Devo avisar que este Livro de Andanças não é um livro de viagens no sentido
corrente da expressão. É aquilo a que poderíamos chamar uma partitura de sentimentos colhidos e recordados
na imensa pauta da geografia percorrida. Muitos trechos deste livro foram escritos assim como quem pega
num violão e diz: deixa cá ver se ainda consigo tirar aquela balada...
O livro não tem datas nem
trajectos marcados à unha nos mapas de toda a gente. Também não arrasta para a rua o recheio dos museus,
a história das catedrais ou tenta encaixilhar deslumbramentos que nem Deus conseguiu meter nos limites
de uma paisagem. E não é, de maneira alguma, um livro de memórias escritas de uma assentada, assim como
quem precisou de erguer, em tempo marcado, uma obra de empreitada.
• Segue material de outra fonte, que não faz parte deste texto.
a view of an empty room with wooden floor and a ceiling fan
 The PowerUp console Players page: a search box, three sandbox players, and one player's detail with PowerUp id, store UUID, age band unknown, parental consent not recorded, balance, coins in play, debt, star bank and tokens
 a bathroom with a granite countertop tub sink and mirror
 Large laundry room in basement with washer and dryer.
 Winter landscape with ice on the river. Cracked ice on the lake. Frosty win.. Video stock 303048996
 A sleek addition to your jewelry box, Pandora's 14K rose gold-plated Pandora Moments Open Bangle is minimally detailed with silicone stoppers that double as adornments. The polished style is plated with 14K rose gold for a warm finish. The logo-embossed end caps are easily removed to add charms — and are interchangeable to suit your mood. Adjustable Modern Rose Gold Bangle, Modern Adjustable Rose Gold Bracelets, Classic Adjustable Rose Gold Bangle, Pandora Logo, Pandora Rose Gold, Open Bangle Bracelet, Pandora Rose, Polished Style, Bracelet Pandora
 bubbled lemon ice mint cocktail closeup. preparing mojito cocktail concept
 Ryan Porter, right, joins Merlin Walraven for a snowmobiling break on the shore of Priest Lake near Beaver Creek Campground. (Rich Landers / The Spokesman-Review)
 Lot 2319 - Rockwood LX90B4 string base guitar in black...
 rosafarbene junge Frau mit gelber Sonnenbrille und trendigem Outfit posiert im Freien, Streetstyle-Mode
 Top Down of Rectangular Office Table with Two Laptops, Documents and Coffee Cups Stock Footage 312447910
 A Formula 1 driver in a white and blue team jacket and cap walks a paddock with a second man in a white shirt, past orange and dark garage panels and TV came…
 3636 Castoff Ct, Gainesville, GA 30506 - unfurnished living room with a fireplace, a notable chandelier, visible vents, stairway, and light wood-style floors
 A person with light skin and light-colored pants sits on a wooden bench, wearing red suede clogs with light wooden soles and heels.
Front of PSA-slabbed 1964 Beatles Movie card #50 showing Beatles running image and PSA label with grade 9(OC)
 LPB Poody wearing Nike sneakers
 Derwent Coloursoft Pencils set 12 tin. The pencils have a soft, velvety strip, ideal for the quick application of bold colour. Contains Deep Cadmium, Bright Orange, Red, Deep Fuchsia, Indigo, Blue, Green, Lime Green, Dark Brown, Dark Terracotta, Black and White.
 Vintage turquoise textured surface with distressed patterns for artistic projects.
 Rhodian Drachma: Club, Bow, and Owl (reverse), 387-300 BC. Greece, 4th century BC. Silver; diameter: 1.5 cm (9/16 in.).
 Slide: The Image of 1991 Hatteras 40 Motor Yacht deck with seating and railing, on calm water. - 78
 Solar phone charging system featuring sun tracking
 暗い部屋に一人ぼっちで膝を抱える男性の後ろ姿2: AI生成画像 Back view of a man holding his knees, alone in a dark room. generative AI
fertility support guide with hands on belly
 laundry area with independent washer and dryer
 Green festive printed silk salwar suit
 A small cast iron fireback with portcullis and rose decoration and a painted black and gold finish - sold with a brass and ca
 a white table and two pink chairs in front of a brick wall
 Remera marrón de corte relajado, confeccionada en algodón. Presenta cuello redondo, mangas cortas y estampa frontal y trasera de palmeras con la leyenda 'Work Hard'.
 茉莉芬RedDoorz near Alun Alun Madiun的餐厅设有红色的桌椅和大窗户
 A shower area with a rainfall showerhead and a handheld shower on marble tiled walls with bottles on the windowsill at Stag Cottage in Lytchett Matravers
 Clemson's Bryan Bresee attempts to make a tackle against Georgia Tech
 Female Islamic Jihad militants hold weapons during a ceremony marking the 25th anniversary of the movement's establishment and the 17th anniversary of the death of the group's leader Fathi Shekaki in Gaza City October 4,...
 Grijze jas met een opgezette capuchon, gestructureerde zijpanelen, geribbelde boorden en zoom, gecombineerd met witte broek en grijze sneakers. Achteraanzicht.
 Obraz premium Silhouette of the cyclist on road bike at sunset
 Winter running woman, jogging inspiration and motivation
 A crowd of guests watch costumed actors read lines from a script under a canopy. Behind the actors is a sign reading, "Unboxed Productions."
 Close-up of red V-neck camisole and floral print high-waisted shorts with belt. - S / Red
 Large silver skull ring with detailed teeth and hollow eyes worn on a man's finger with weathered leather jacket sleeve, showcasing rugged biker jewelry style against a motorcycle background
Foi escrito ao longo dos últimos trinta
anos, com páginas de há poucos meses e páginas de há muito tempo. Escritas umas na pausa do regresso,
outras em plena viagem, à mesa dos cafés, na insónia dos hotéis ou ditadas a minha mulher, ao volante
do automóvel. Ao escrever este Livro de Andanças, nunca deixei que o descritivo dominasse o sentimental.
Viagem é sentimento.
Quem não sentiu, não viajou. No regresso ao sofá de todo o ano, não devemos
encontrar o tédio que não disse adeus de sorriso frouxo. Houve cidades, como Londres, onde a imensidão
me diluiu. Outras, onde o tempo foi tão pouco que só deu para me espantar. Olá, Paris ! Hei-de voltar
sem calendário. Juro! Outras, ainda, como o nosso Funchal e o Mónaco de Rainier, de uma beleza tão imediata
que me deixaram apenas guloso como um garoto deslumbrado diante de uma sugestiva tampa de caixa de bombons.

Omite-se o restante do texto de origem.